The growing complexities of industries with the increasing use of machineries and consequent danger to workmen along with the comparative poverty of the workmen themselves rendered it advisable that they should be protected, as far as possible, from hardship arising from accidents. The law was enacted with a dominant purpose. The main objective of the Act was to impose an obligation upon the employers to pay compensation to workers for accidents arising out of and in the course of employment.
The Employee’s Compensation Act which was earlier known as Workmen’s Compensation Act came into force on first day of July, 1924 and extends to the whole of India. It was amended in the year 2009 and called the Employee’s Compensation (Amendment) Act, 2009.It is applied to those person who is employed in railway, factories, mines, etc.

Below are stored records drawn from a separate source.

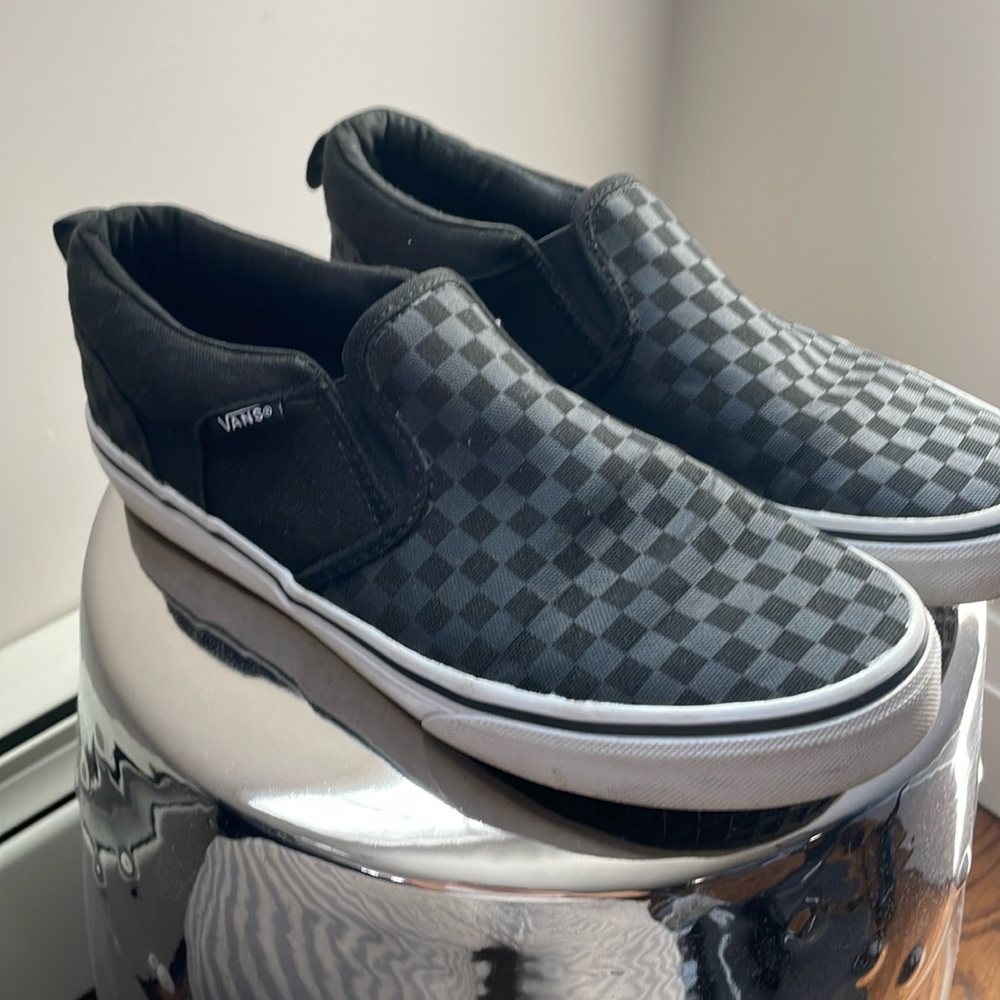 Sip on Vans checkered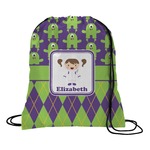 Astronaut, Aliens & Argyle Drawstring Backpack (Personalized)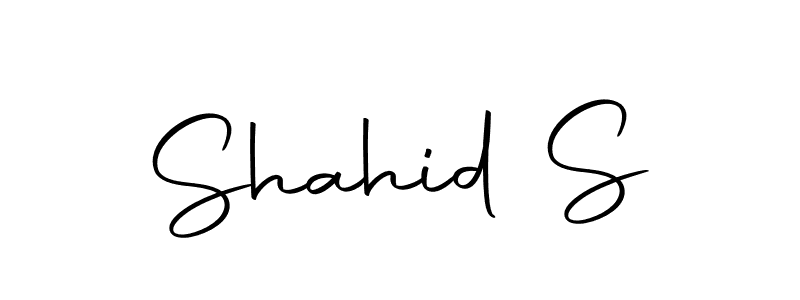 Create a beautiful signature design for name Shahid S. With this signature (Autography-DOLnW) fonts, you can make a handwritten signature for free. Shahid S signature style 10 images and pictures png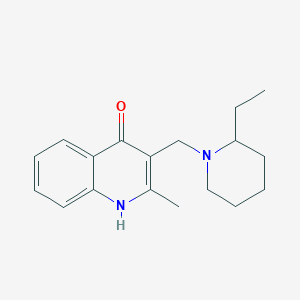 molecular formula C18H24N2O B5202843 3-[(2-ethyl-1-piperidinyl)methyl]-2-methyl-4-quinolinol 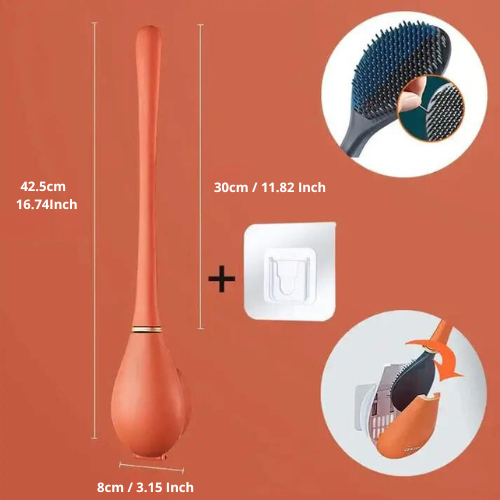 SmartBrush - elegancki i higieniczny silikonowy pędzel WC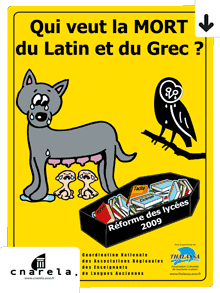 <em>Morituri te salutant</em>. Réforme du Lycée: la mort des langues anciennes?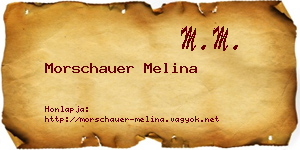 Morschauer Melina névjegykártya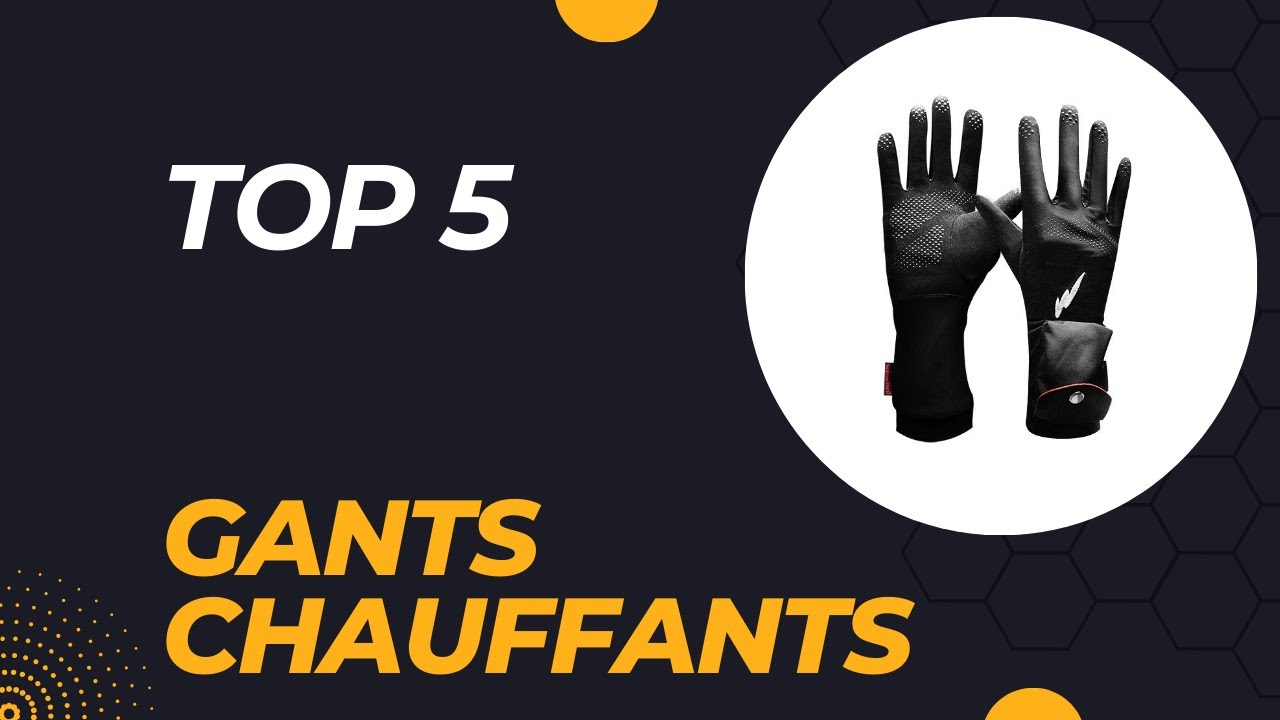 Gants Chauffants Pour Homme Et Femme, Batterie Rechargeable 7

The Act applies to any person who is employed otherwise than in a clerical capacity, in railway, factories, mines, plantations, vehicles propelled by stream or other mechanical power or by electricity or in connection with loading and unloading work, construction, maintenance and repairs of roads and bridges, electricity generation, cinemas, catching or trading of wild elephants, circus and other hazardous occupations and other employments specified in Schedule II of the Act. The Act, however does not apply to members serving in the Armed Forces of the Indian Union and employees covered under the provisions of Employees State Insurance Act, 1948 as disablement and dependents benefits under this Act.